# New .270



## Brandon_SPC (Nov 2, 2013)

Well ever since my buddy got this Remington 700 it has been sitting at my house and the only person that has shot it has been me. So about less than 20 rounds. So the other day he asked me if I wanted to buy it for $250. Well I couldn't pass on it. It came with a Nikon Prostaff 3-9X40 to. I am just waiting for some DNZ game reaper mounts and hopefully next year I can get one. I do feel like I am betraying my trusty 30-06. Also decided to paint the stock. Not into the all black.


----------



## SouthAlabamaSlayer (Oct 13, 2011)

That's what I have but in 30-06. Great gun and scope, and about a $600 setup.

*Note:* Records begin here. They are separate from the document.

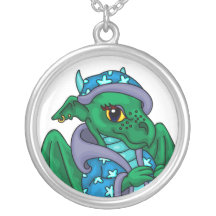 Smaragdhalsband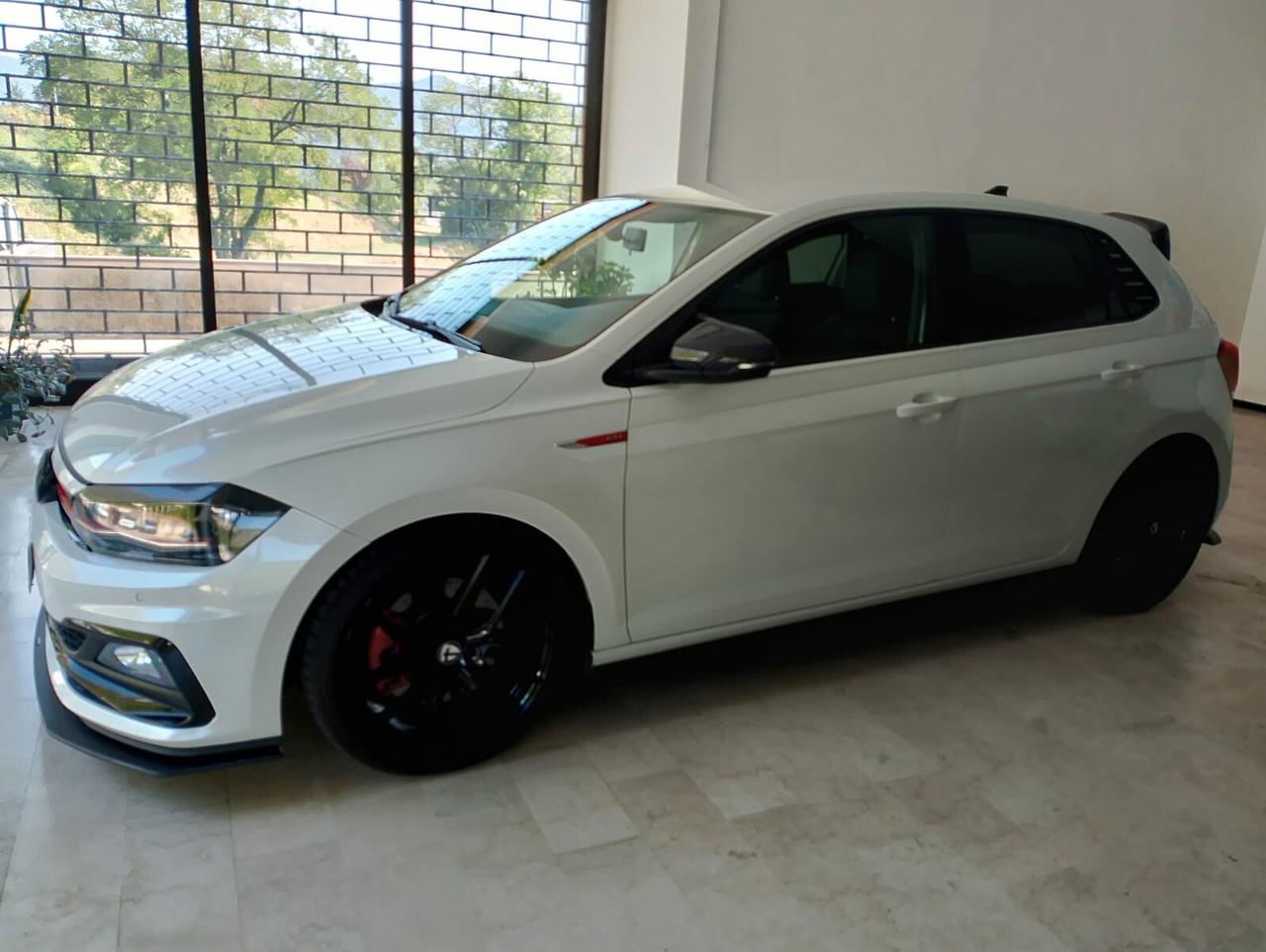 Volkswagen Polo 2.0 TSI DSG GTI TENUTA IN OTTIME CONDIZIONI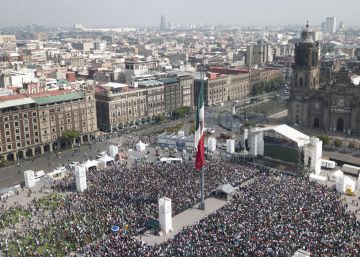 Bienvenidos al Urbanoceno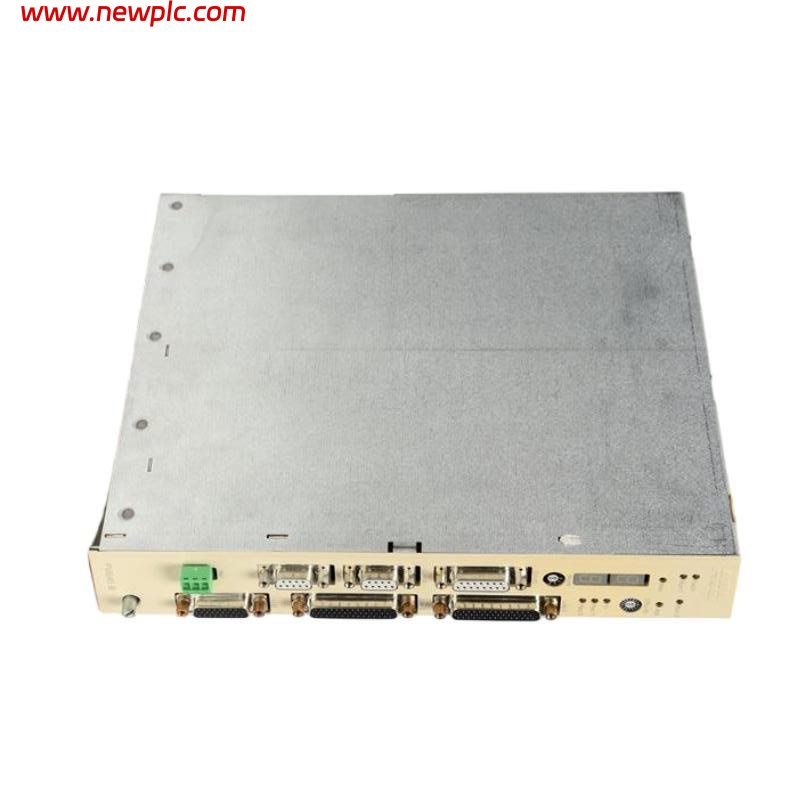 ABB PM645A 3BDS005799R1 CPU Processor Unit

Sent from my iPhone using Tapatalk


----------



## Fielro (Jun 4, 2012)

Man, I was hoping it was for sale at that price. You got a super deal and a great gun....


----------



## Burnt Drag (Jun 3, 2008)

Brandon, I've got a buddy that has one of those in LH. He handloads 100 grain hollow points that exit around 3300 fps and in 20 years of killing 3-5 deer a year, he's lost one. He blamed that on not being set up correctly. His fartherest shot was 380 yards and the buck crumbled. If you'd like, I'll get the whole workup on his magic load.


----------